Vortrag
Freitag, 26.6.2015, 10:15h

Raimond Gaita

Arendt, Genocide, and Evil

Hannah Arendt’s discussion of genocide in Eichmann in Jerusalem is still one of the most interesting. Her work on this has been misunderstood partly because its ethically complex argument and tone have been judged in the light of an assumption that morality is the only relevant ethical category with which to do it. I shall develop that claim in order to discuss what she says about the concept of evil in Eichmann in Jerusalem and also in On Revolution, where she says that “the men of the eighteenth century” did not acknowledge “that there exists goodness beyond virtue and evil beyond vice.” Few contemporary writers on evil have thought it relevant to consider its connections with goodness of a kind that might invite a capital ‘G’ — goodness, for example, as it shows in some the works of saintly love. To some, but important, degree Arendt was an exception.

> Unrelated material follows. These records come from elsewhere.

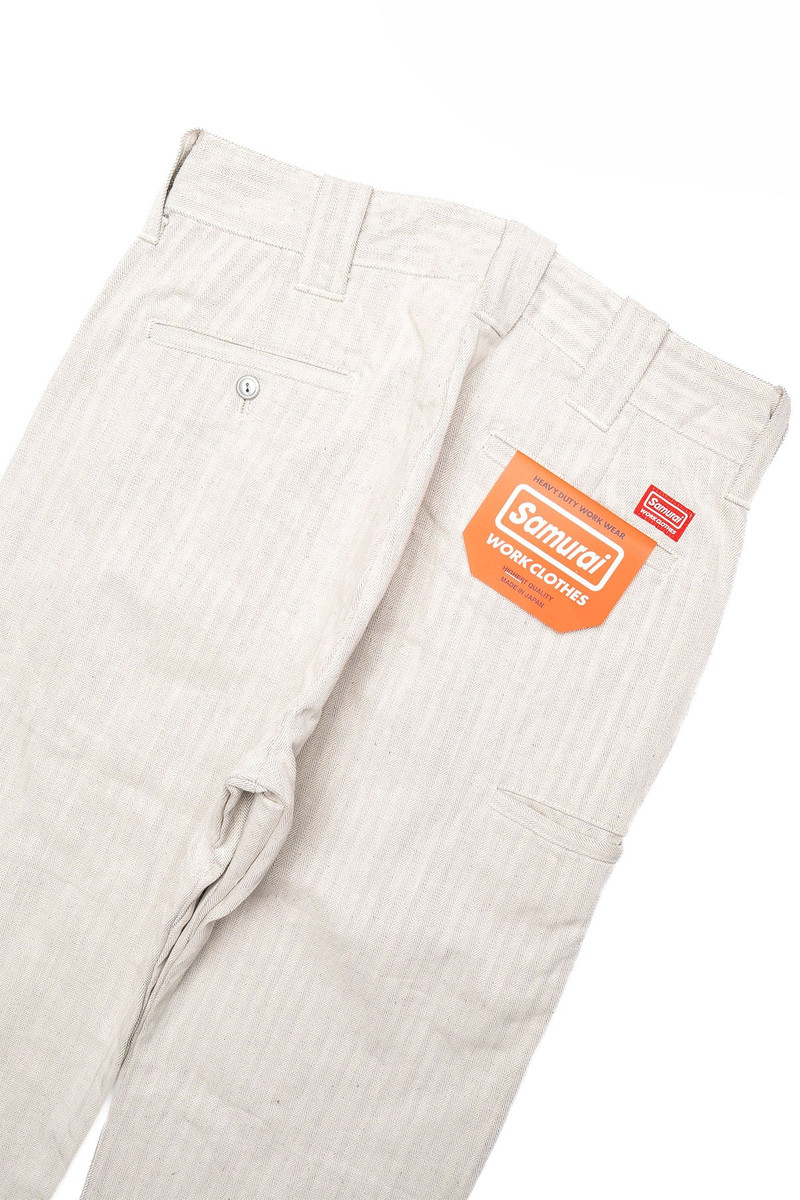 Samurai Jeans 13oz "Gray Nep" HBT Wide Trousers - Oatmeal outlook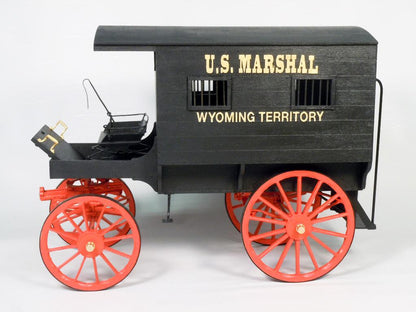 U.S. MARSHAL’S JAIL WAGON 1885 Wyoming Territory Wood and Metal Kit 1:12 Scale
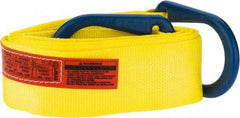 Lift-All - 16' Long x 4" Wide, 6,400 Lb Vertical Capacity, 1 Ply, Polyester Web Sling - 5,000 Lb Choker Capacity, Yellow - Exact Tool & Supply
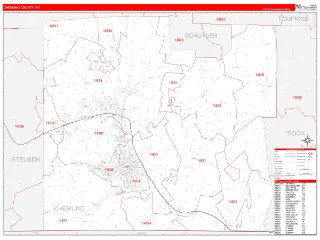 Chemung County, NY RedLine style ZIP Code wall map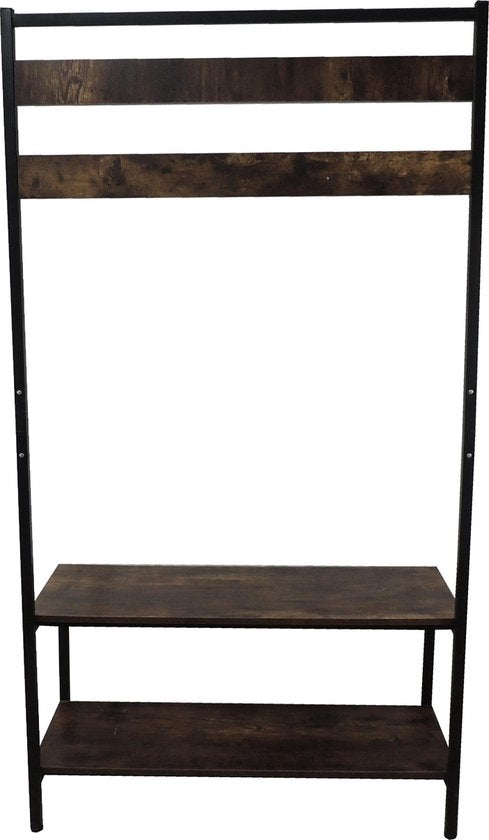 4livingz Stevige Retro Kapstok Bank 42x100x183 cm - zwart/bruin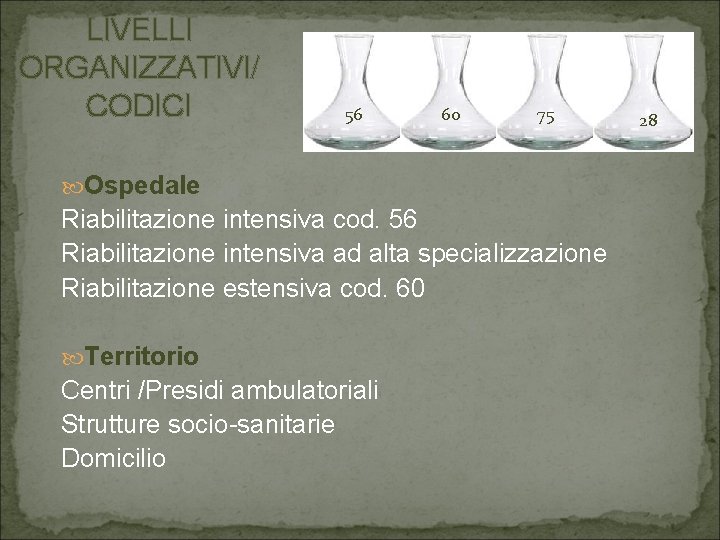 LIVELLI ORGANIZZATIVI/ CODICI 56 60 75 Ospedale Riabilitazione intensiva cod. 56 Riabilitazione intensiva ad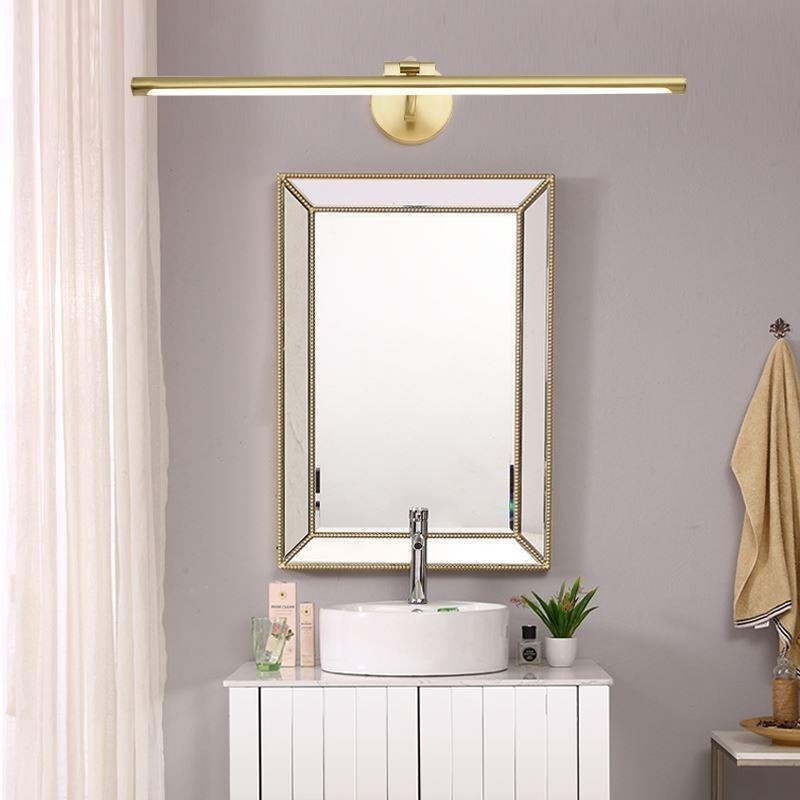 Lámpara de pared de acrílico y latón con luz frontal de espejo nórdico
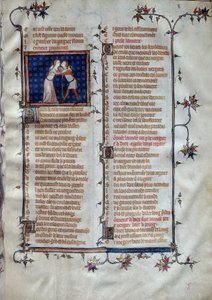 Allégorie de la jeunesse. Miniature dans le "Roman de la rose" de Jean de Meun, Jean de Meung ou Jean Chopinel, Jean Clopinel (v.1240-1305), vers 1370. Paris, Bibliothèque Sainte-Geneviève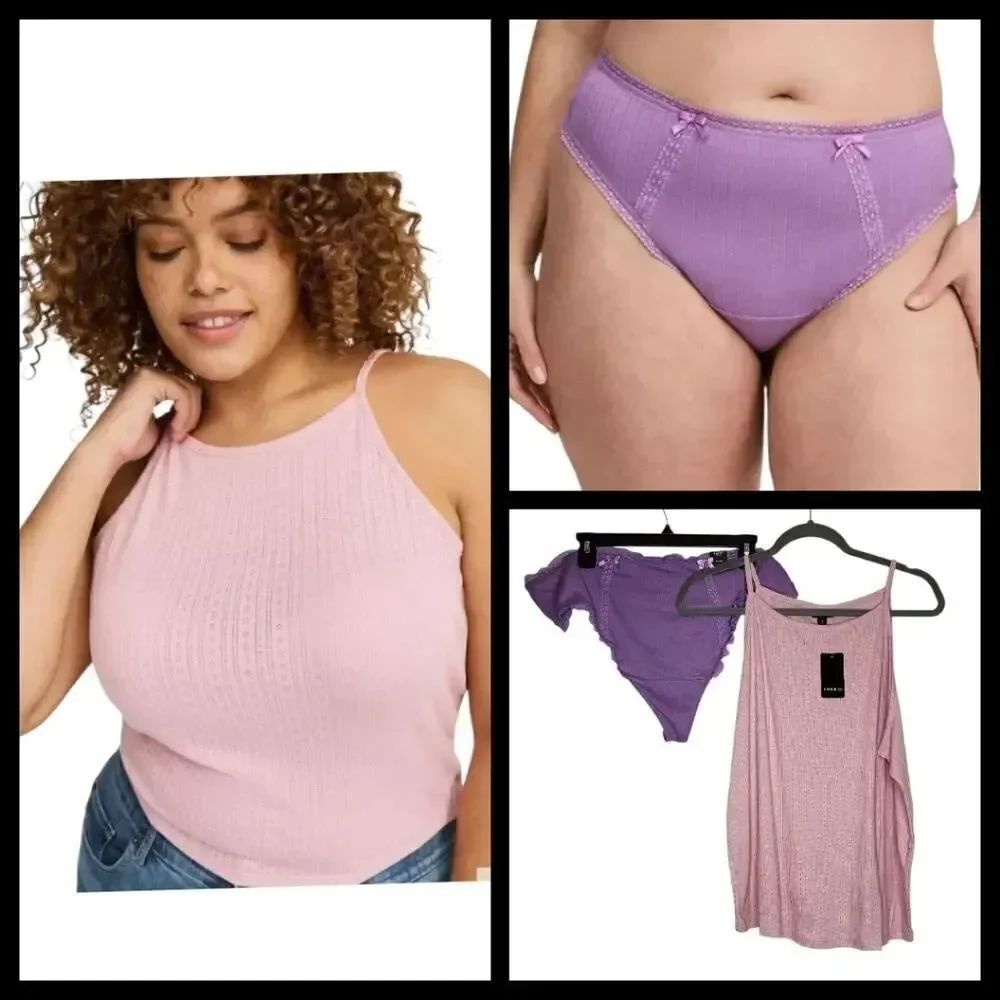 4X 26W Torrid Pink Pointelle High Neck Crop Tank Purple Thong Set Loungewear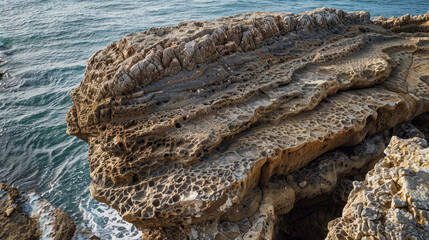 Fototapeta premium The picture shows a rock surface on the coast with intricate patterns and textures from erosion. The shadows create sharp contrasts, highlighting the unique geological formations.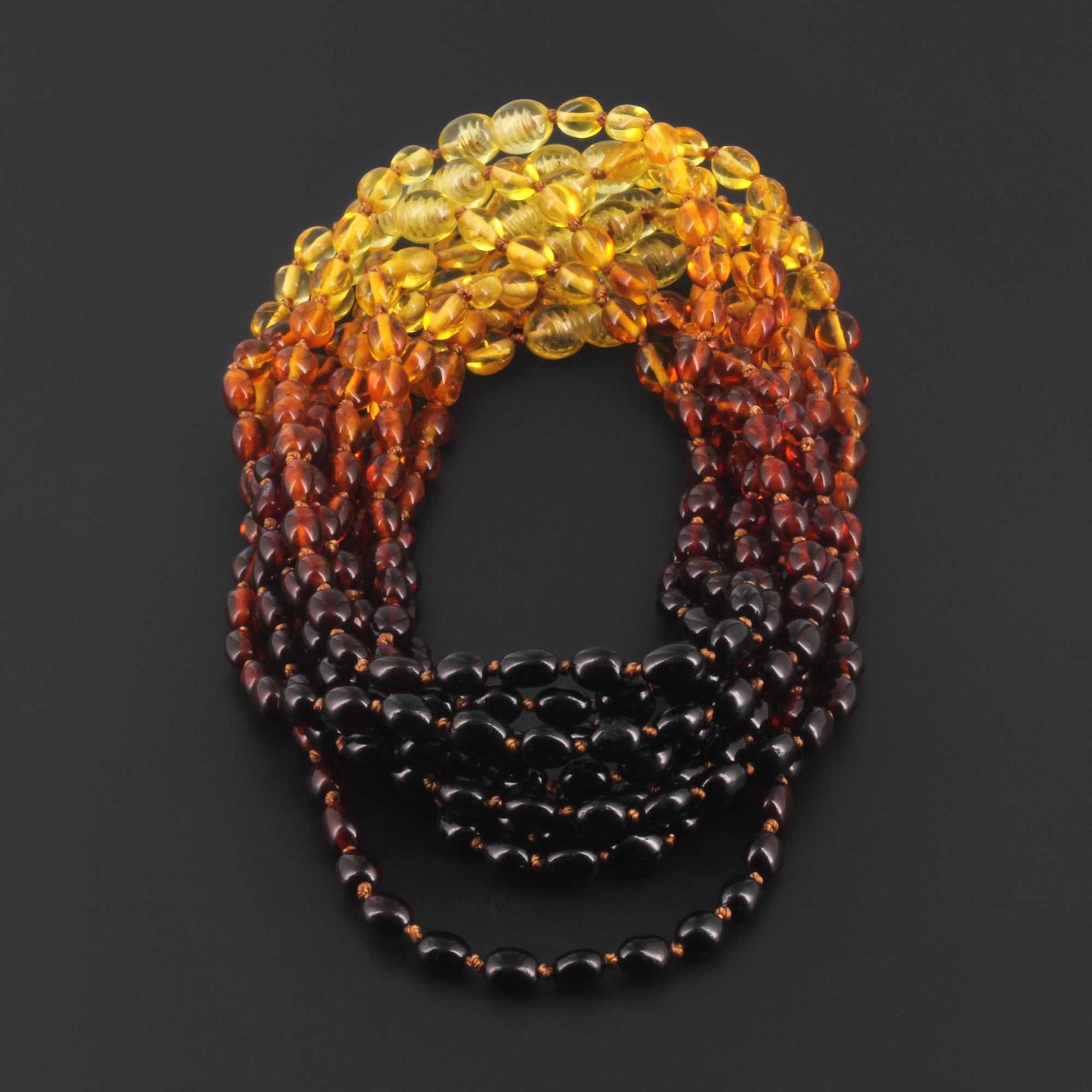 BALTIC AMBER BABY TEETHING NECKLACES LOT OF 10pcs - OLIVE. XO54R1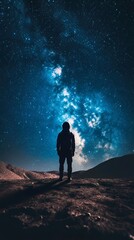 Fototapeta premium Man on hill gazes at vibrant night sky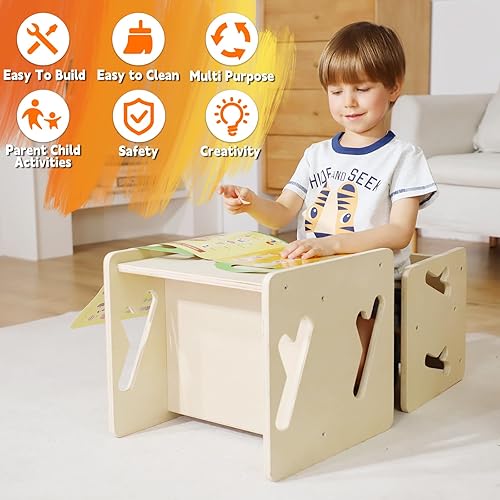 Miniatura 6 de Montessori Juego de mesa y silla de destete de madera maciza para niños pequeños, muebles Montessori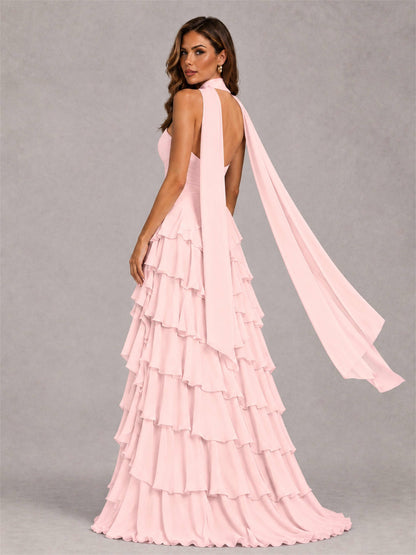 A-Line Strapless Pleated Side Slit Chiffon Evening Dress with Scarf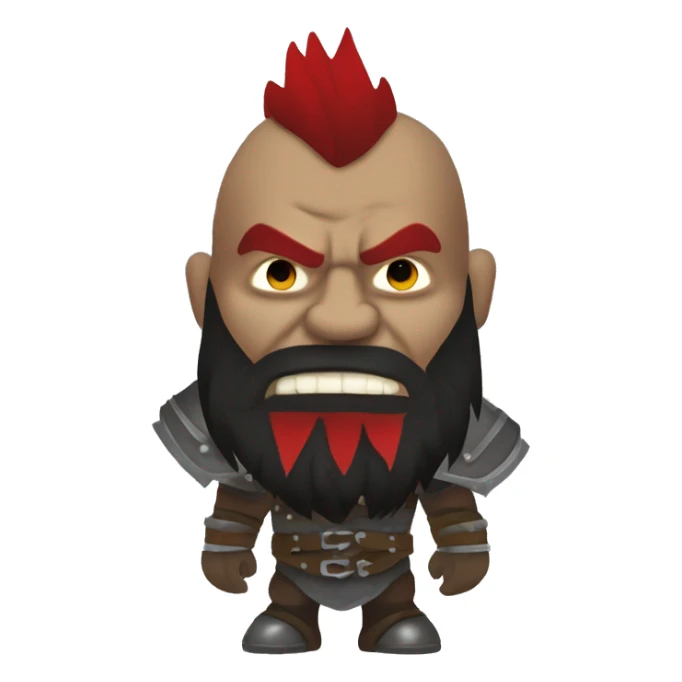 armored orc berserker with red beard & mohican sticker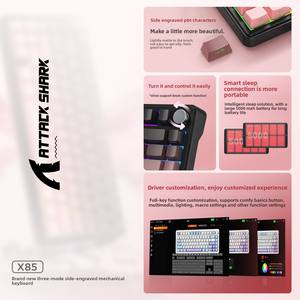 <span class=keywords><strong>Clavier</strong></span> de jeu X85 RGB éclairé, trois modes sans fil, personnalisable, style mécanique, touches imprimées sur le côté, claviers interchangeables à chaud - Product Image 5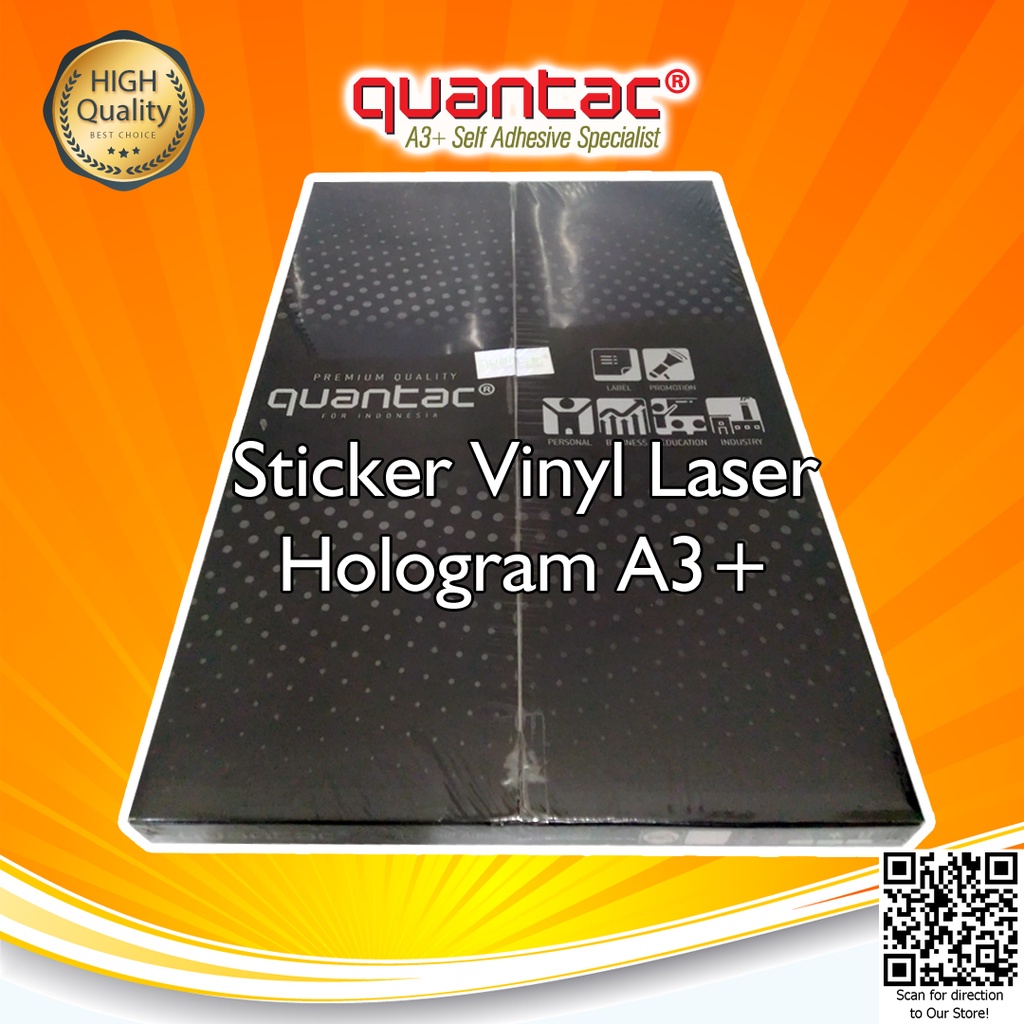 Repack 20 - Quantac Sticker Vinyl Hologram Digital Print Laser Toner A3+ Holographic Rainbow Pelangi Stiker Label Kemasan Anti Air Tidak mudah Sobek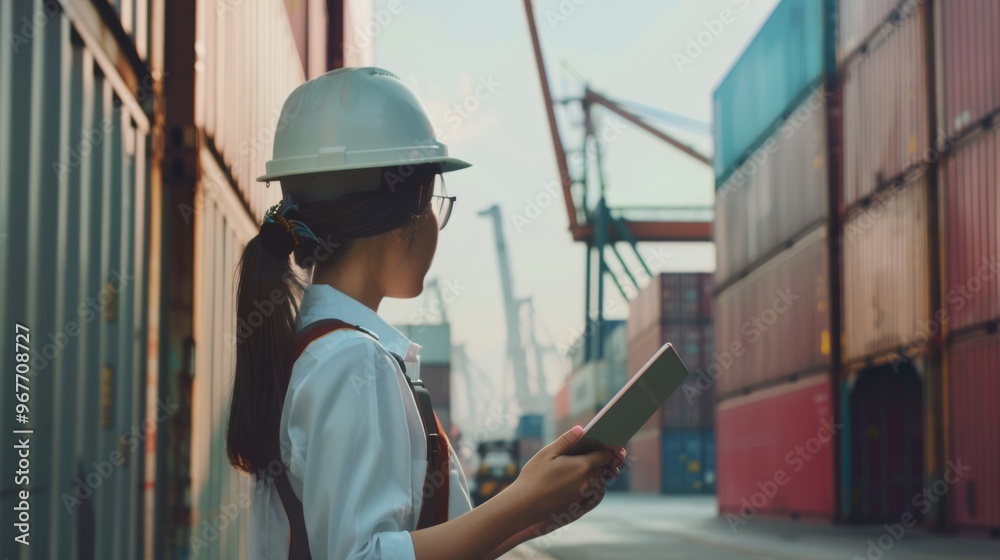 A female worker in a hardhat surveying a shipping container yard, symbolizing logistics and industrial work. A female worker in a hardhat surveying a shipping container yard, symbolizing logistics and industrial work.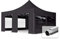 TOOLPORT ALU Pavillon Faltpavillon 5x5m mit Panoramafenstern robust und wasserdicht Professional 50mm Partyzelt schwarz schwer entflammbar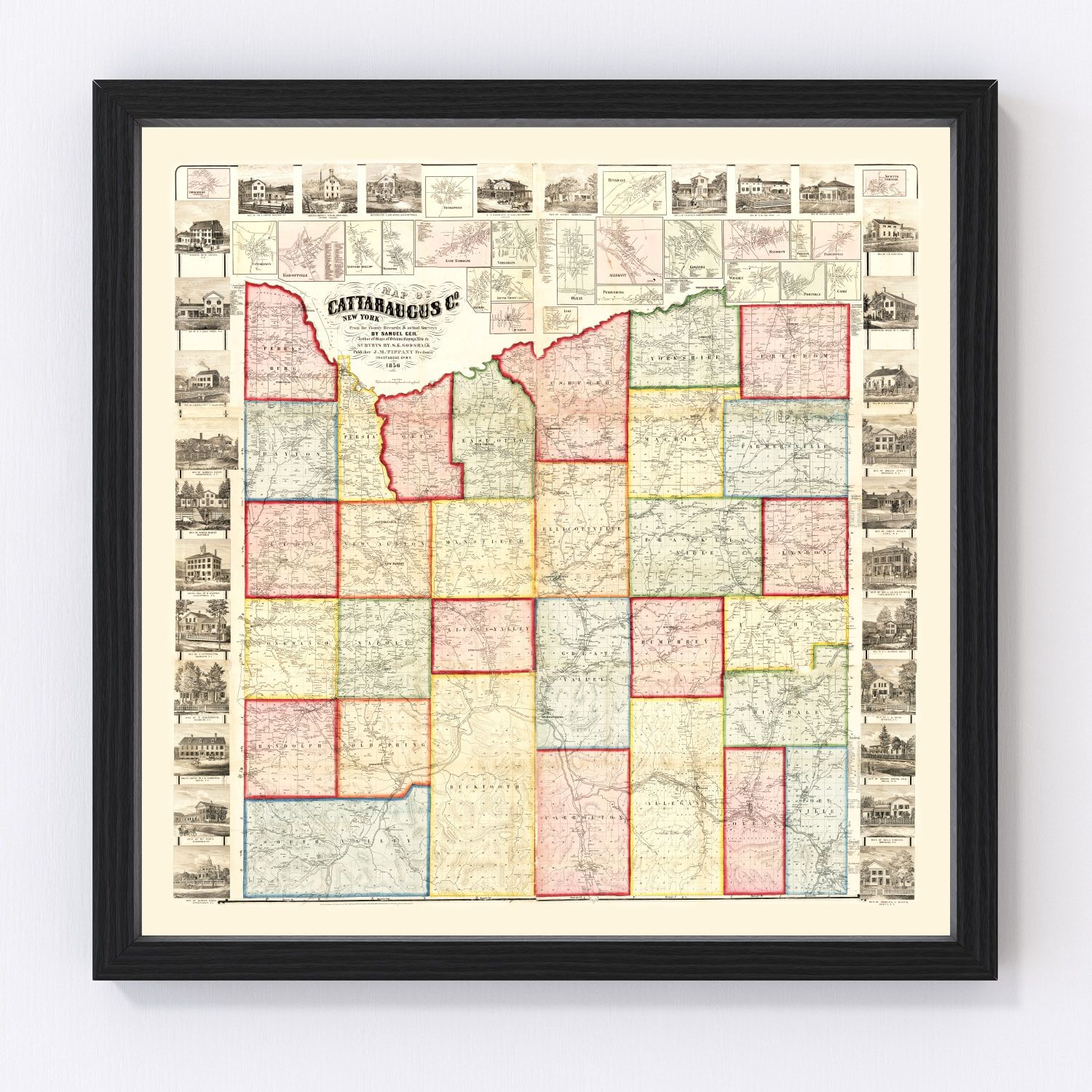 Vintage map of Cattaraugus County, New York, 1856, restored vintage wall art print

Raimond Gaita is Professor of Moral Philosophy at King’s College, University of London, and Foundation Professor of Philosophy at the Australian Catholic University. He has published widely in moral phi-losophy, including Good and Evil: An Absolute Conception (1991); The Philosopher’s Dog (2002); Breach of Trust: Truth, Morality and Politics (2004); Why the War Was Wrong (2003; as editor and contributor), and Romulus, My Father (1998).